:: COLLECTED DATA ::

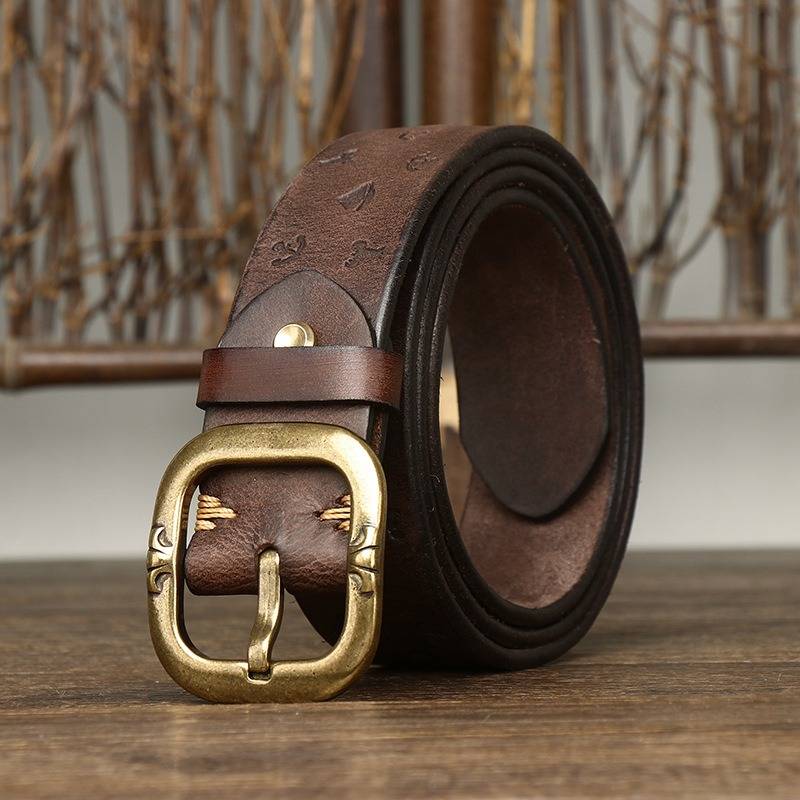 mens belts for jeans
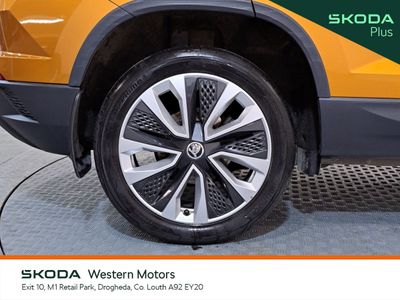 2022 Skoda Karoq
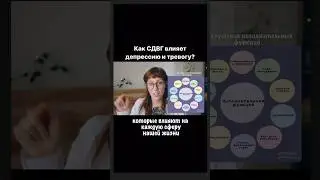 СДВГ и депрессии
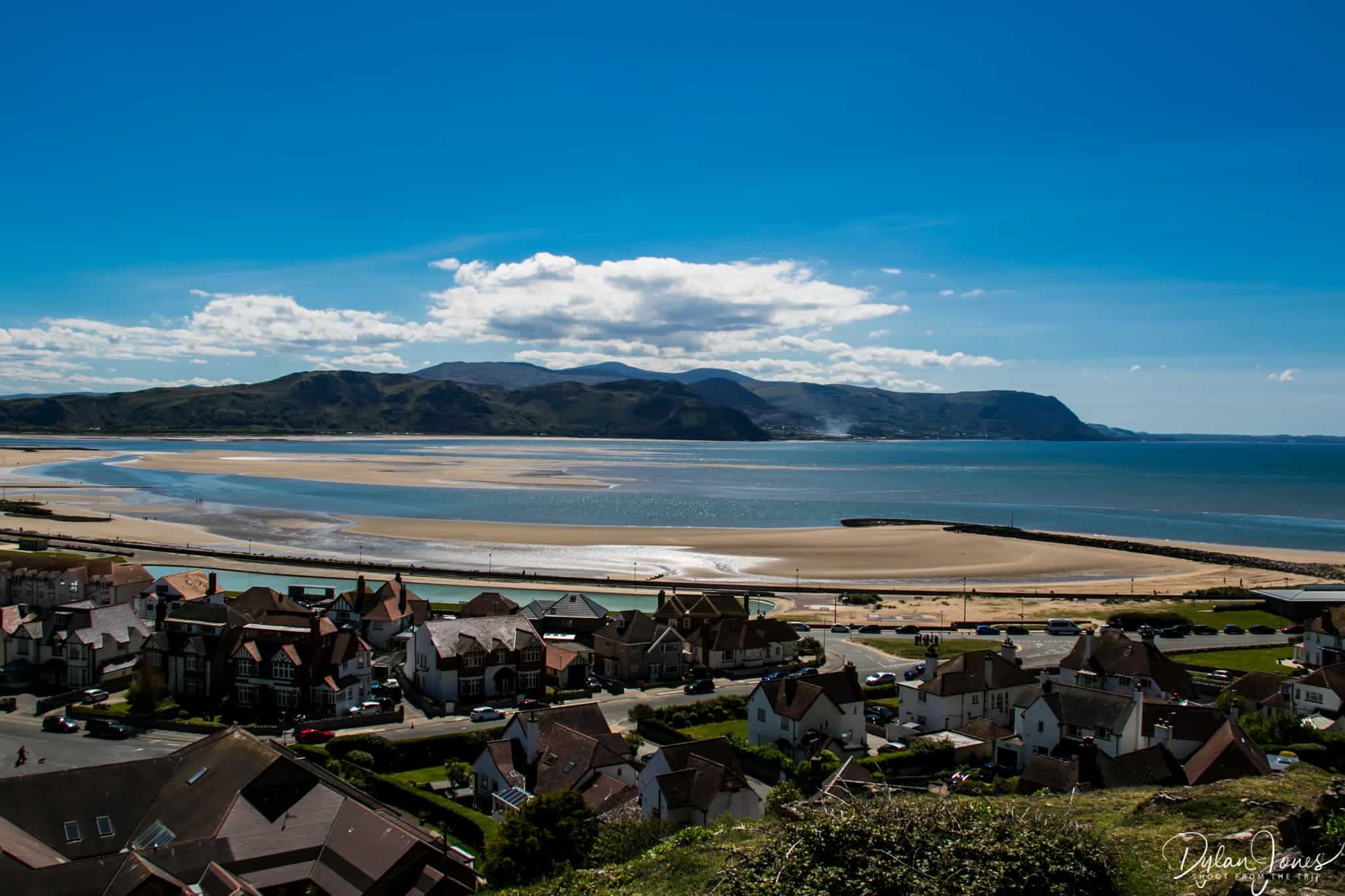 West Shore Beach, Llandudno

:: EXERCISE REQUIREMENTS ::
Would you please copy the material exactly, leaving all the pictures out?

:: SOLUTION FOR THIS TASK ::
 mens belts for jeans
 2022 Skoda Karoq
 СДВГ и депрессии
 West Shore Beach, Llandudno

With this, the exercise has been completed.